Obrigado, Dona Luzia, pela convivência!

Hoje eu acordei com um telefonema. Mais tarde como de costume, porque aqui em Lavras Novas costumo pular da cama às 7 da matina. Mas hoje só acordei por volta de 8 horas, com o telefonema. Era minha esposa, Carla Santos​. E uma notícia triste: “Aqui, Dona Luzia do Cartório faleceu”, disse Carla do outro lado da linha. . Sabia que estava adoentada, aos 89 anos de idade. Faria 90 em 13 de dezembro. Mas senti muito pela pessoa maravilhosa e bondosa que ela era. E tenho um privilégio de ter uma prima como ela. A minha avó paterna, saudosa Marica, era irmã da mãe de Luzia, Dona Azulina. Esposa do grande Joanico do Cartório.

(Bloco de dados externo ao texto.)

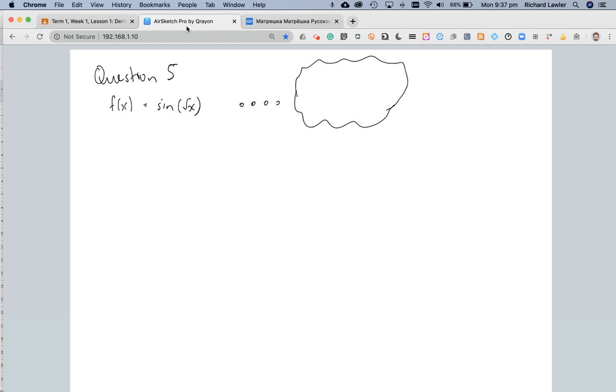If you look at the inside function, you've got the square root of x. The only way of dealing with the square root of x is to turn it into a power, so it's x to the power of a half.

Pois é, mas ninguém fica pra semente. O importante é que ela viveu bem, ajudou muita gente, sempre foi solidária e não por acaso, foi eleita, pelo voto popular, a “Monlevadense do Século”. Grande Dama e que, graças a Deus, pude muito conviver com ela. Tinha um carinho especial por mim e era recíproco. Desde quando ela ainda residia no Mangabeiras, e depois se mudou para o Alvorada, mensalmente ia até a casa dela levar exemplares do jornal “Morro do Geo”, que ela adorava. Aliás, quando comecei o periódico e ainda não possuía fotos antigas de Monlevade, foi ela a primeira pessoa que me abasteceu do nosso passado em fotografias. Mas como dizia, chegava, tomava um cafezinho com pão ou bolo, um biscoito polvilho e batíamos um animado papo. Conversa boa e ela se preocupava comigo quando publicava uma matéria mais pesada, mais crítica. “Menino, você é doido. Pode fazer isto não. As pessoas brigam com você. Ah, se Tião e Geralda fossem vivos, colocavam você de castigo”, dizia, e a gente, eu e ela, caíamos na gargalhada. No caso, quando falava em “Tião e Geralda”, Luzia se referia aos meus pais (rs). E como era bom aquela prosa!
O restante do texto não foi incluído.